[Aim of the task]: Write out exactly the lines below that run from the one containing "Beige Check Metal" through the one containing "Casabella Premium Quality", both included, with no other lines.

[Data listing]:

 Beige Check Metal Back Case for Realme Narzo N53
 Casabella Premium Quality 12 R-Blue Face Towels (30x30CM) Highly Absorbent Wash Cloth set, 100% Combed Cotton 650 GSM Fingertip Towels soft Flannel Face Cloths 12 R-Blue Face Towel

* * *

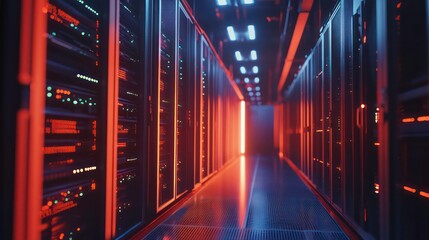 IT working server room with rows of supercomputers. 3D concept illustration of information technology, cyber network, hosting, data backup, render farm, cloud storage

[Task response]:
 Beige Check Metal Back Case for Realme Narzo N53
 Casabella Premium Quality 12 R-Blue Face Towels (30x30CM) Highly Absorbent Wash Cloth set, 100% Combed Cotton 650 GSM Fingertip Towels soft Flannel Face Cloths 12 R-Blue Face Towel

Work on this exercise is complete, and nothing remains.